**Prompt**
Beginning at the line that holds "16″ x 16″ Blue" and continuing to the last line of the data below, transcribe every line word for word, without pictures.

**Collected material**

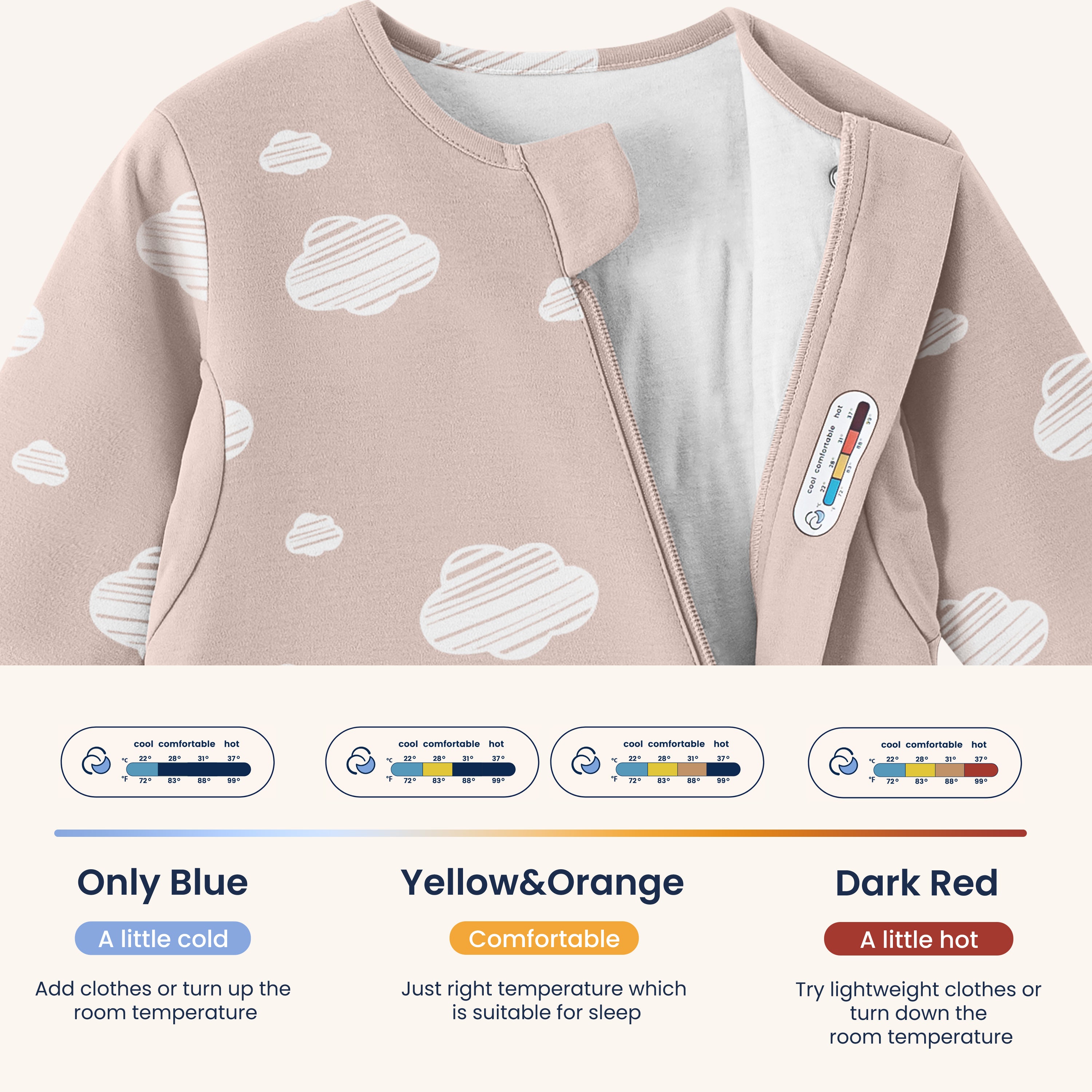 All Season Long Sleeve Sleep Sack 1.0 TOG - Organic Cotton & Camel Wool+ClimaCuddle™ Zipped Baby Romper Pink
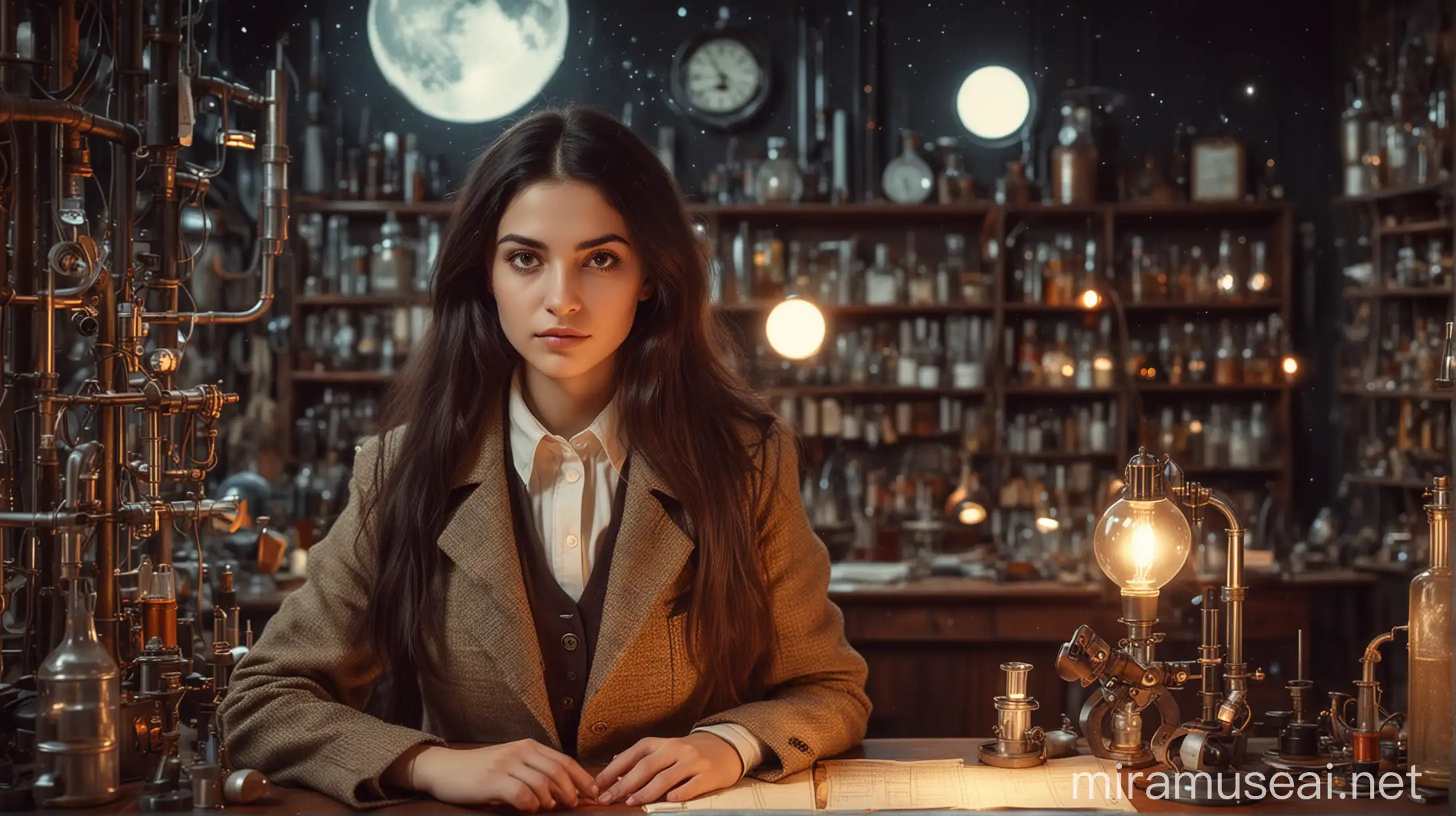 Steampunk Armenian Female Scientist in 1970sInspired Laboratory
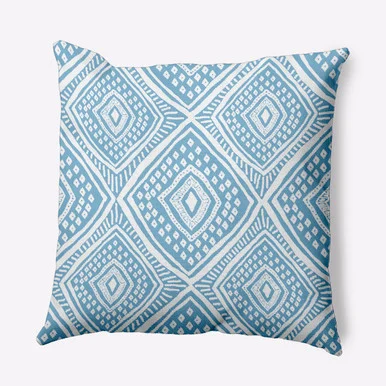 16″ x 16″ Blue and White Lil Diamond Jill Outdoor Throw Pillow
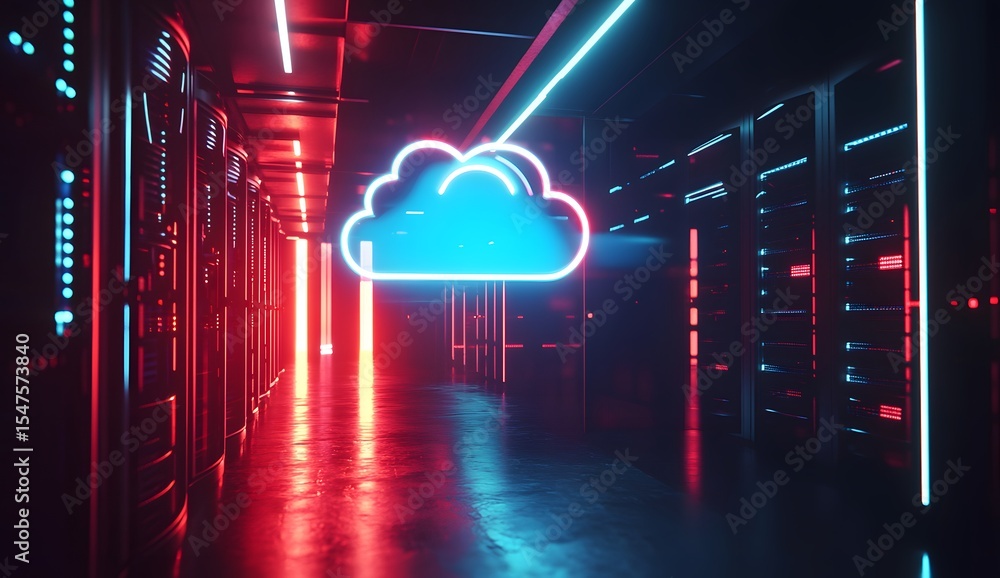 Poster 3d rendering of a cloud icon floating above rows of server equipment in a data center with glowing b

**Answer section**
 16″ x 16″ Blue and White Lil Diamond Jill Outdoor Throw Pillow
 Poster 3d rendering of a cloud icon floating above rows of server equipment in a data center with glowing b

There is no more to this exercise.